Jadi Nasionalisme dapat diartikan sebagai semangat kecintaan kepada bangsa atau negaranya sehingga mereka tidak rela apabila bangsa dan negaranya dilecehkan atau dihina apalagi dijarah dan dijajah oleh bangsa lain, negara lain apapun alasannya dan apapun bentuknya penjajahan itu.
Bagi saya yang awam ini konsep Nasionalisme itu sederhana saja dan tidak perlu menggunakan teori yang ribet bahkan diseminarkan pula dengan durasi yang cukup panjang dan menelan biaya yang besar. Dengan slogan dan yel-yel yang dihapal setiap sebentar “Saya Indonesia Saya Pancasila, Nkri Harga Mati”. untuk apa slogan itu dihafal kalau tidak kita amalkan. Bukan anti dengan slogan, cuma ingin menyampaikan bahwa slogan saja tidak cukup yang lebih penting adalah pengejewantahan dari apa yang diucapkan itu dengan baik dan benar. Jangan sampai kita terjebak dengan Sloganisme.
Untuk apa kita sangat hafal dengan slogan, akan tetapi kita tidak pernah menerapkan apa yang kita sebut-sebut tiap sacah (sebentar) itu. Yang lebih celakanya apabila slogan ini dipaksakan untuk diverbalkan ke khalayak ramai maka dipastikan akan terjadi benturan. Terkesan Sok Pancasilais dan Nasionalis dan menganggap orang lain itu tidak Pancasilais seperti kita. Yang terjadi adalah kekeliruan konsep Nasionalis Pancasilais jadinya. Alih-alih semangat persatuan, yang terjadi justru perpecahan dimana-mana. Sepakat?

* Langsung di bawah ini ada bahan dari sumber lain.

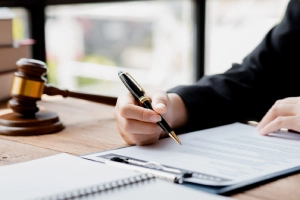 A Land O' Lakes personal injury lawyer at a desk writing in his notebook while working on a claim.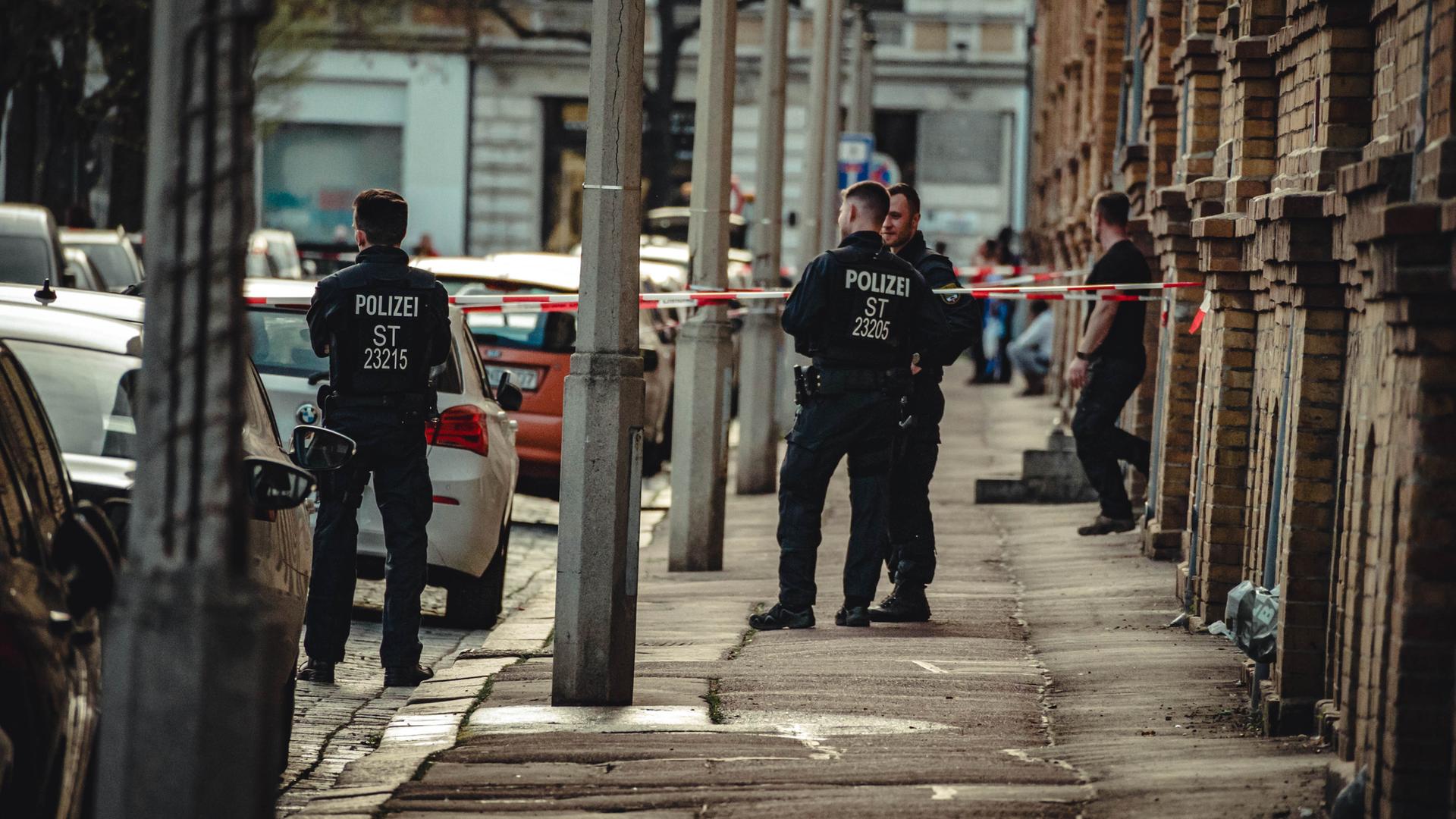 Polizei steht vor einem Wohnhaus in Halle, ein Bereich ist mit Flatterband abgesperrt.
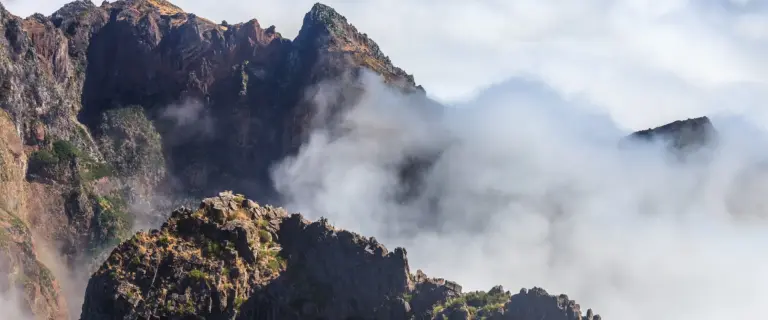 Rock ridge at Pico do Arieiro with cloud pouring around it
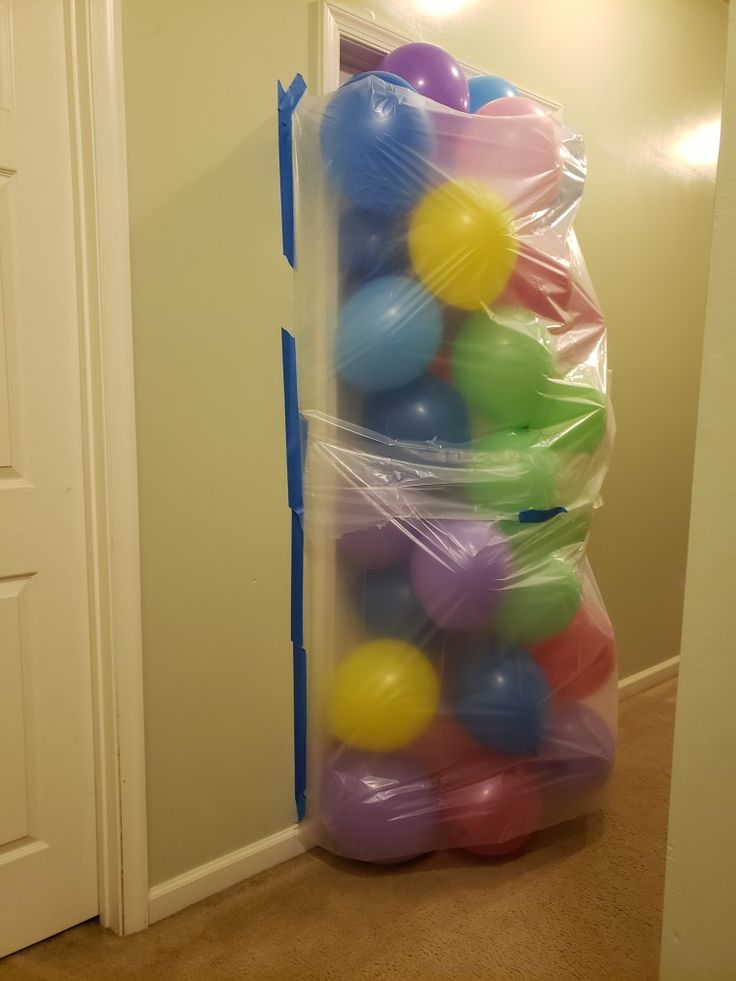 a plastic bag filled with colorful balls sitting in front of a white door on the floor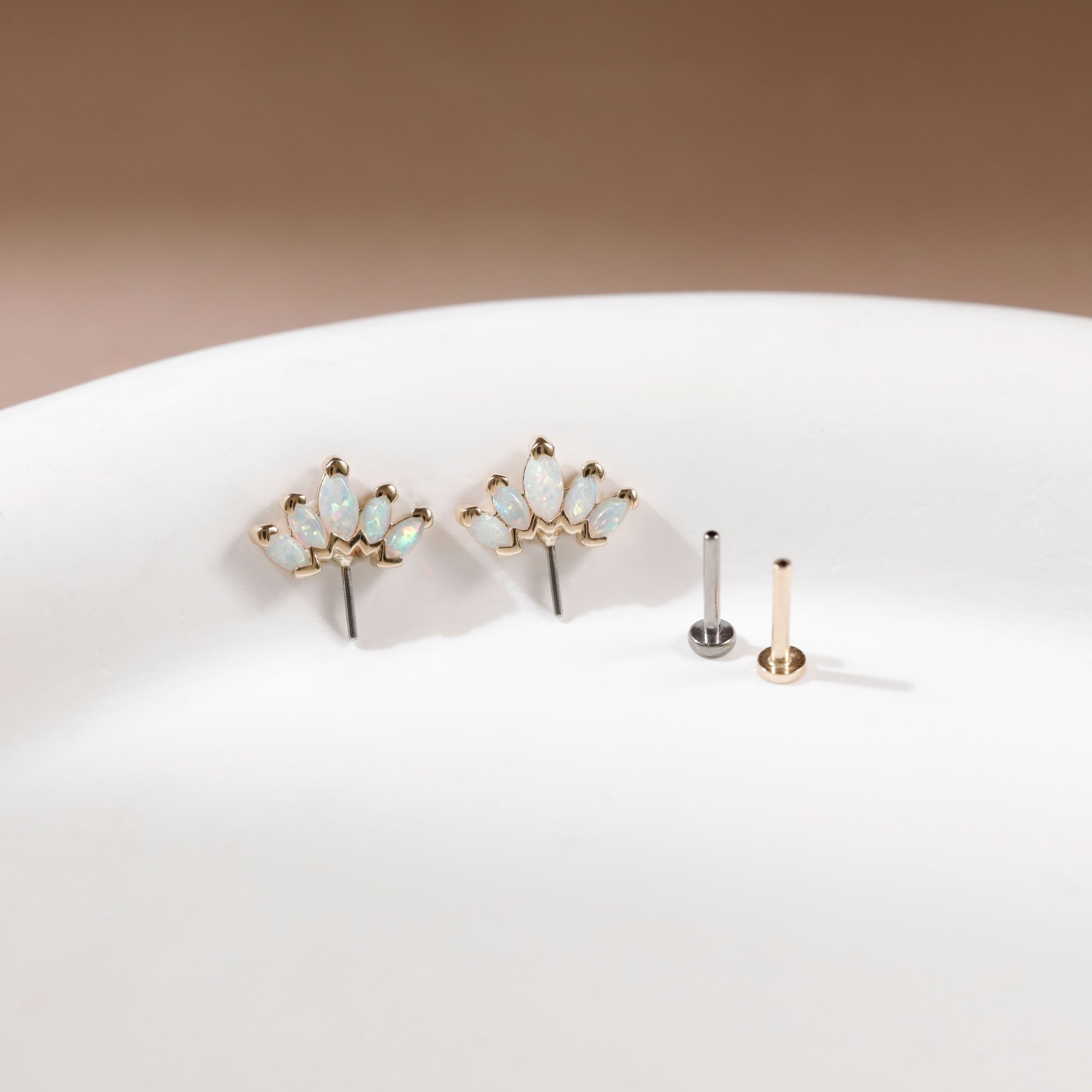 Gold floral stud earrings with small iridescent opal-like stones, displayed on a white surface next to two flat backings, one silver and one gold, against a warm brown background.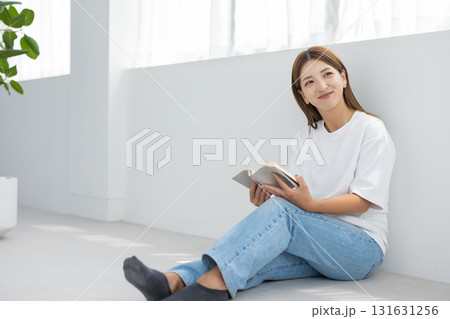 明るい室内で床に座って読書を楽しむ若い女性 131631256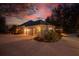 Night view of home's side, showcasing garage and landscaping at 6114 Kingbird Manor Dr, Lithia, FL 33547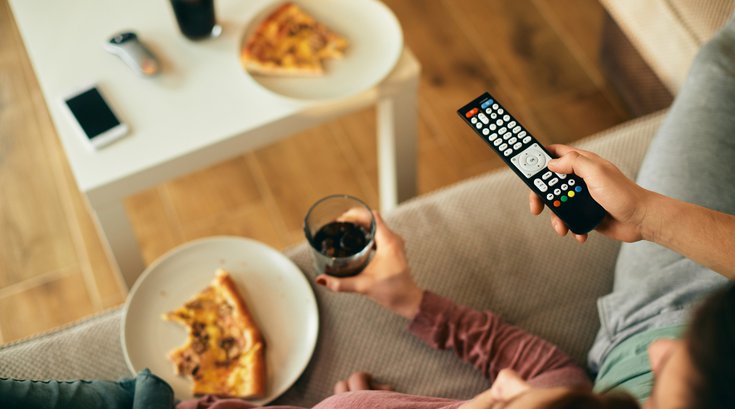 Purchased - Close-up of couple watching TV while eating pizza at home
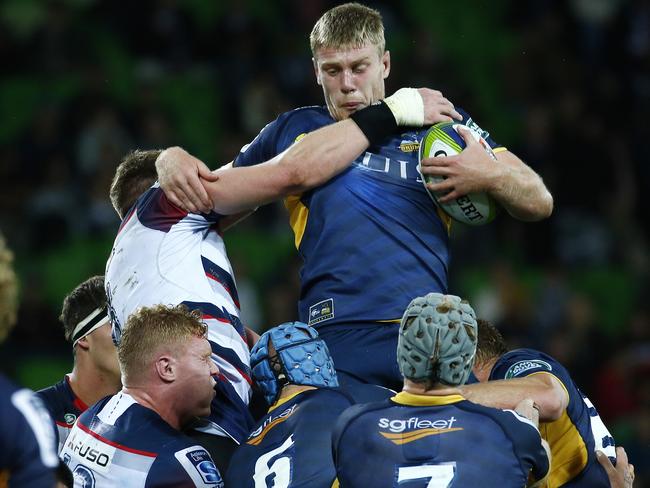 Super Rugby - Melbourne Rebels V Brumbies at AAMI Park , Brumbies Tom Staniforth gets a whack from Rebels Adam Thomson in the line out. 13th May 2016. Picture: Colleen Petch.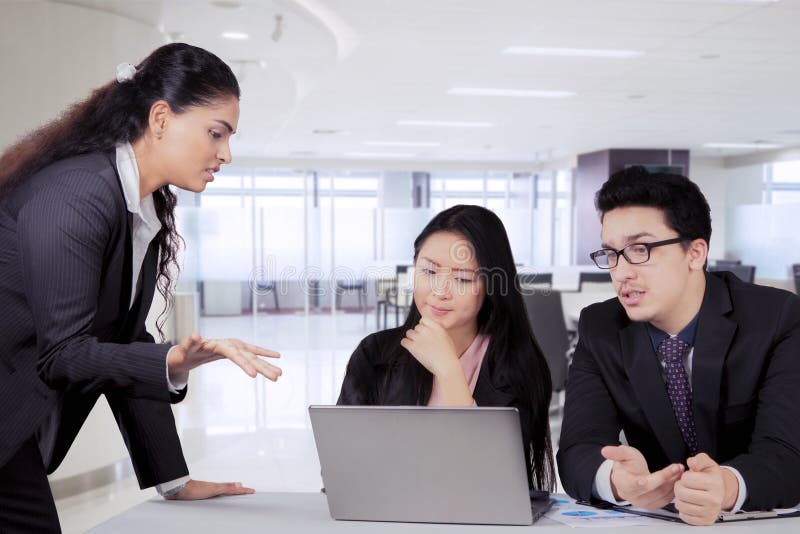 Indian business manager talking to her team in a meeting stock images Indian business manager talking to her team in a meeting stock images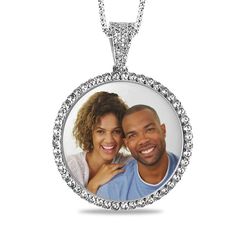 Pull out all the stops with this personalized gemstone photo pendant. Crafted in sterling silver, this charming look features a photo of your choice wrapped in a frame of shimmering white sapphires. All photo pieces are scratch resistant, 100% waterproof, and are available in high resolution color or black and white. Additional sapphires and beaded detailing adorn the bail. Buffed to a brilliant luster, this pendant suspends along an 18.0-inch rope chain that secures with a spring-ring clasp. Pl Customizable Silver Jewelry For Keepsakes, Customizable Silver Round Pendant Jewelry, Customizable White Gold Round Pendant Jewelry, Customizable White Round Jewelry, Personalized Round Pendant Jewelry, Customized Silver Medallion Jewelry, Personalized White Gold Jewelry With Diamond Accents, Customizable Sterling Silver Jewelry, Keepsake Round White Gold Jewelry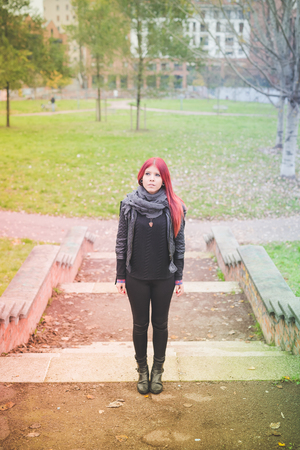 young beautiful red hair venezuelan woman lifestyle in the city of milan outdoor streetの写真素材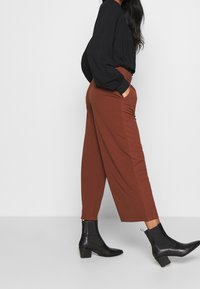 Hnědé široké kalhoty s bočními kapsami, doplněné černou halenkou s dlouhými rukávy a černými kotníkovými botami s blokovým podpatkem.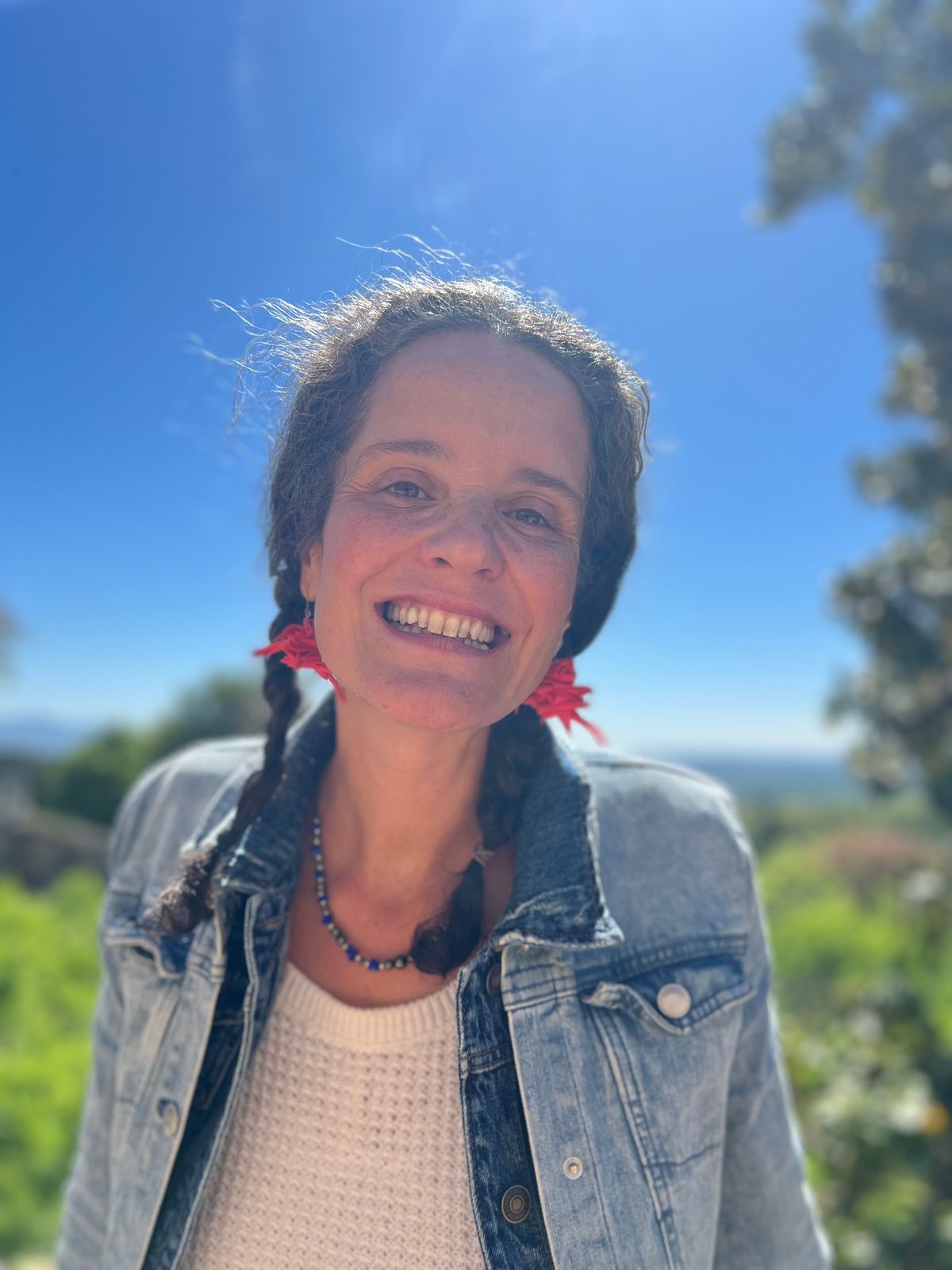 Retrato de María Nora sonriendo, con trenzas y flores rojas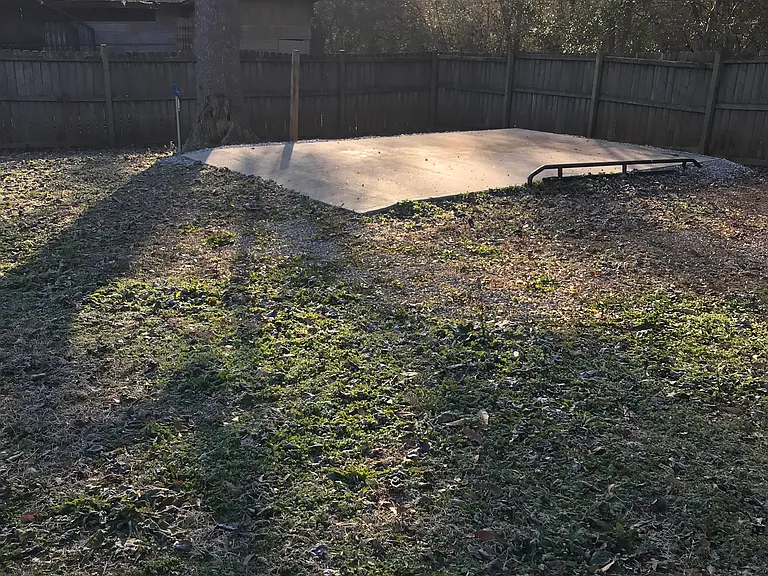 12 x 20 Cement Slab with 2 freeze free water hydrants and a waste drain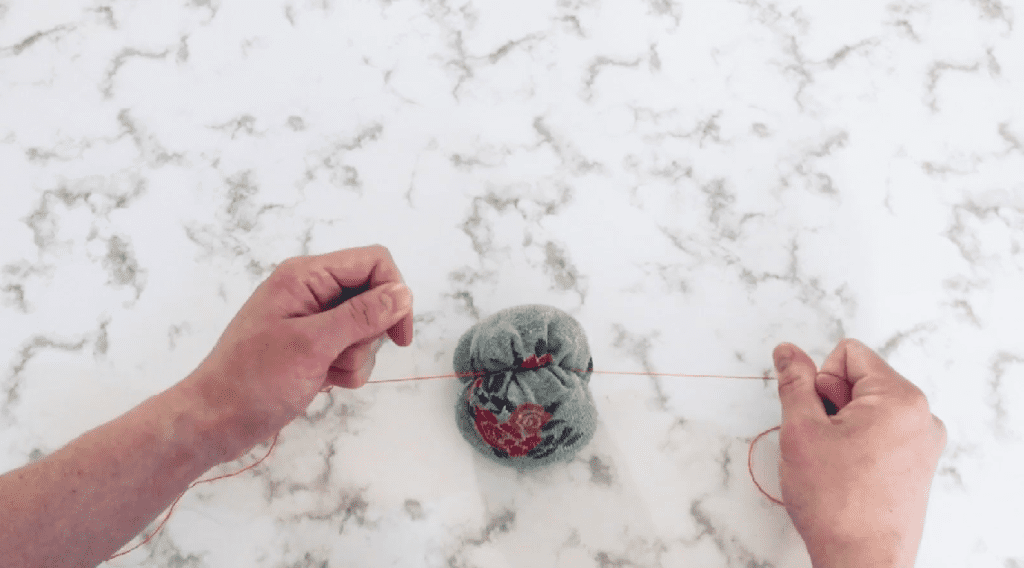 tying string around pumpkin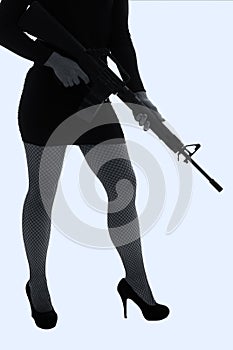 Dangerous woman in black with assault rifle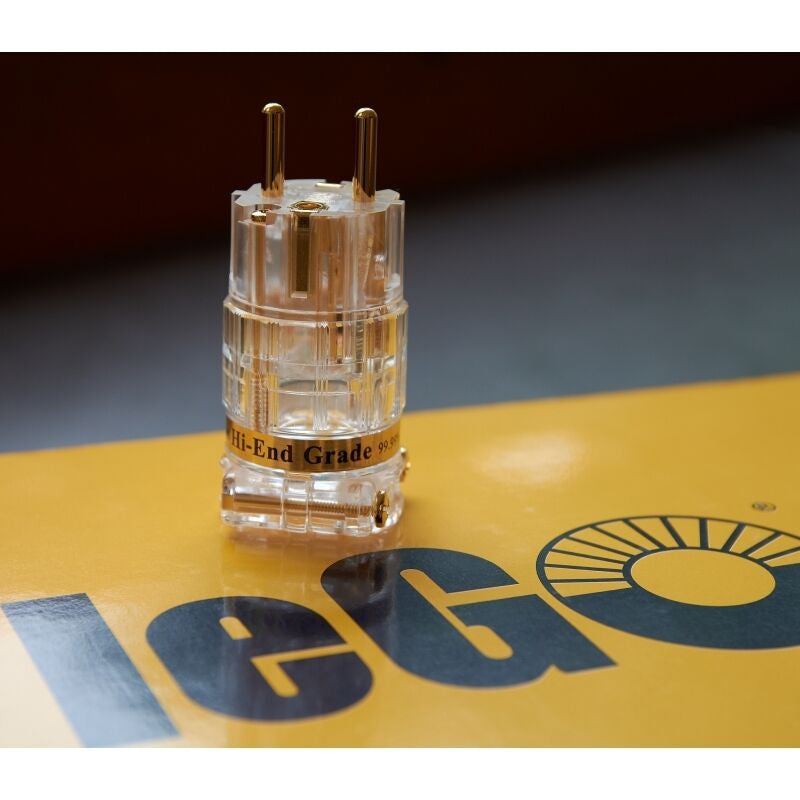 Clear audio tube connector with gold pins and “Hi-End Grade” label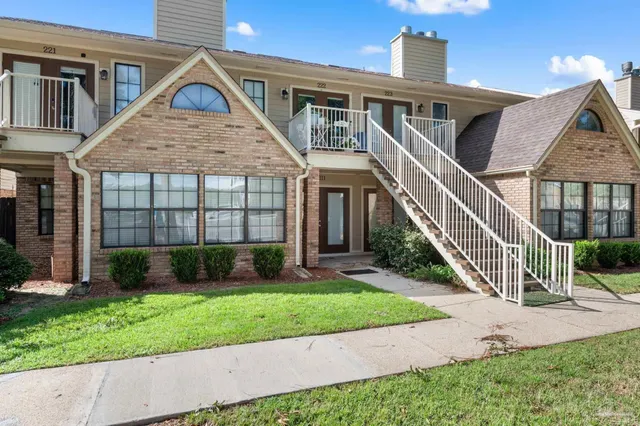 a front view of a house with a yard and potted plants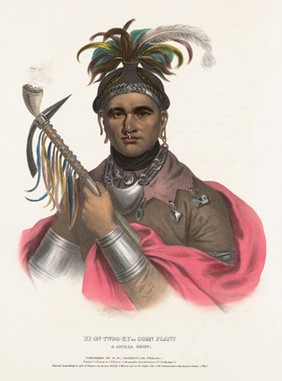 Cornplanter, a leader of the Seneca tribe, holding a smoking pipe with pipe attachments and axe-blades. Colour lithograph by J.T. Bowen after F. Bartoli, 1836.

Dalam islam konsep Nasionalisme atau di istilahkan dengan rasa kecintaan dan kebanggaan kita terhadap bangsa dan negara, diletakkan setelah kecintaan dan kebanggaan kita terhadap islam dan ajarannya. Dalam islam kecintaan kita kepada Allah dan rasul Nya adalah diatas segala galanya. Setelah itu kita boleh meletakkan kecintaan kita kepada yang selainnya. Cinta kepada keluarga, karib kerabat, suku dan bangsa atau kaum adalah kecintaan kita setelah Allah dan rasul Nya, sahabat, para ulama dan kaum muslimin dimanapun berada.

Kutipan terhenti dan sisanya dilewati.